In der update() Methode wird dann abgefragt, ob der Spieler-Sprite mit einem der blockierenden Tiles kollidieren würde.

```
public void update(GameContainer arg0, int delta)
	if (Keyboard.isKeyDown(Keyboard.KEY_W)) {
		if (!isBlocked()) { y -= delta * 0.1;} 
	}
		
	if (Keyboard.isKeyDown(Keyboard.KEY_S)) {
		if (!isBlocked()) { y += delta * 0.1;}
	}
			
	if (Keyboard.isKeyDown(Keyboard.KEY_A)) {
		if (!isBlocked()) { x -= delta * 0.1;}
	}
				
	if (Keyboard.isKeyDown(Keyboard.KEY_D)) {
		if (!isBlocked()) {x += delta * 0.1;}
	}
}

boolean isBlocked() {
        for (int a = 0; a < blocks.size(); a++) {
               if (hitbox.intersects(blocks.get(a))) { //hitbox ist das Rectangle welches den Sprite umgibt
			return true;
		}
	}
	return false;
}
```

Das Problem: Sobald man mit einer blockierenden Tile kollidiert, ist man als Spieler völlig unfähig, sich überhaupt zu bewegen. Der Spieler steckt fest. Das Problem ließe sich natürlich beheben indem man im Falle einer Kollision, den Sprite ein bisschen zurück-bewegt, nur leider entsteht dadurch ein unangenehmes Flackern, weil der Sprite ständig um einen Pixel vor-und-zurück geschoben wird.. So als ob der Sprite "zittern" würde. Der hier demonstrierte Code, wird von vielen Online-Tutorials empfohlen. Scheinbar funktioniert das jedem nur nicht bei mir.
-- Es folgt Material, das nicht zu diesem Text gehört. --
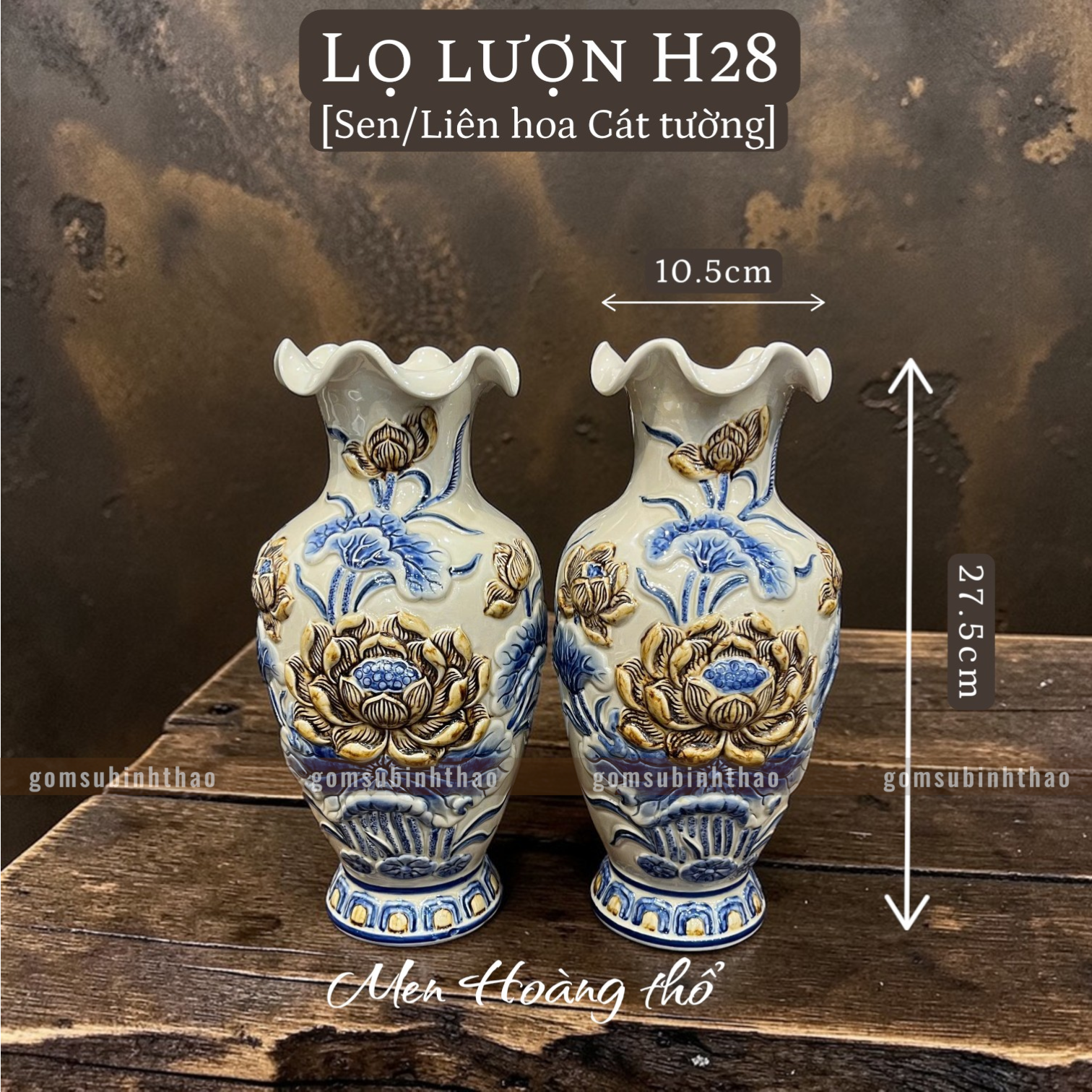  Lọ hoa miệng lượn Sen Men hoàng thổ Đắp nổi Cao cấp - Gốm Nghệ nhân Bát Tràng 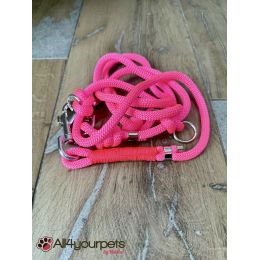 Laisse fait main - en corde type alpinisme - ultra-résistant - Modèle "Pinky Mood" - Ep : 10 mm
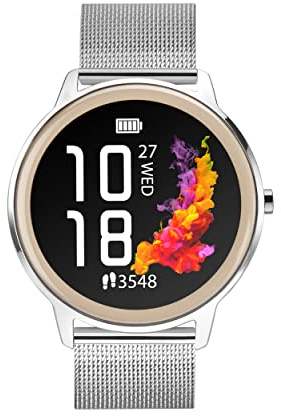 Sekonda Flex 42mm Smartwatch für Damen mit Herzfrequenz- und Schlafmonitor, tägliche Aktivitäts-, Sport-, Musik-, Wetter- und Nachrichtenfunktionen, mit Mesh Strap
Was habe ich falsch gemacht?
Über Hilfe in jeglicher Form wäre ich sehr dankbar.


----------



## Androbin (8. Dez 2014)

Das kannst du ganz einfach folgendermaßen lösen:
1. Du speicherst die aktuelle Position nochmal in einer lokalen Variable
2. Du bewegst den Spieler gemäß ...
3. Du prüfst, ob der Spieler kollidiert
3.1 Falls ja, setzte die Position auf das in 1. erstellte "Backup" zurück
3.2 Falls nein, bist du fertig

PS. Das ganze solltest du allerdings einmal für jede Koordinate machen,
sonst kannst du nicht an einem Hindernis "entlanggehen"!


----------



## Sessiolog (8. Dez 2014)

Danke schon mal für die Antwort. Leider funktioniert dein Vorschlag nicht so ganz, vielleicht habe ich es auch einfach nur falsch gemacht. Was die "Backup"-Variablen betrifft: Warum müssen die denn Lokal sein? Global würde hier doch mehr Sinn machen.

```
public void update(GameContainer arg0, int delta) throws SlickException {
		if (Keyboard.isKeyDown(Keyboard.KEY_W)) {
			if (!isBlocked()) {
				y -= delta * 0.1;
				yC = y;     //"Backup"-Variable für den Y-Wert. Global.
			} 
			else y = yC;
		}
		
		if (Keyboard.isKeyDown(Keyboard.KEY_S)) {
			if (!isBlocked()) {
				y += delta * 0.1;
				yC = y;		
			}
			else y  = yC;
		}
			
		if (Keyboard.isKeyDown(Keyboard.KEY_A)) {
			if (!isBlocked()) {
				x -= delta * 0.1;
				xC = x;     //"Backup"-Variable für den X-Wert. Global.
			}
			else x = xC;
		}
				
		if (Keyboard.isKeyDown(Keyboard.KEY_D)) {
			if (!isBlocked()) {
				x += delta * 0.1;
				xC = x;
			}
			else x = xC;
		}
	}
```

Leider existiert der Fehler weiterhin. Sobald ich als Spieler mit der Map kollidiere stecke ich fest. hilfe?


----------



## Androbin (8. Dez 2014)

Sessiolog hat gesagt.:


> Danke schon mal für die Antwort. Leider funktioniert dein Vorschlag nicht so ganz, vielleicht habe ich es auch einfach nur falsch gemacht. Was die "Backup"-Variablen betrifft: Warum müssen die denn Lokal sein? Global würde hier doch mehr Sinn machen.
> ...
> Leider existiert der Fehler weiterhin. Sobald ich als Spieler mit der Map kollidiere stecke ich fest. hilfe?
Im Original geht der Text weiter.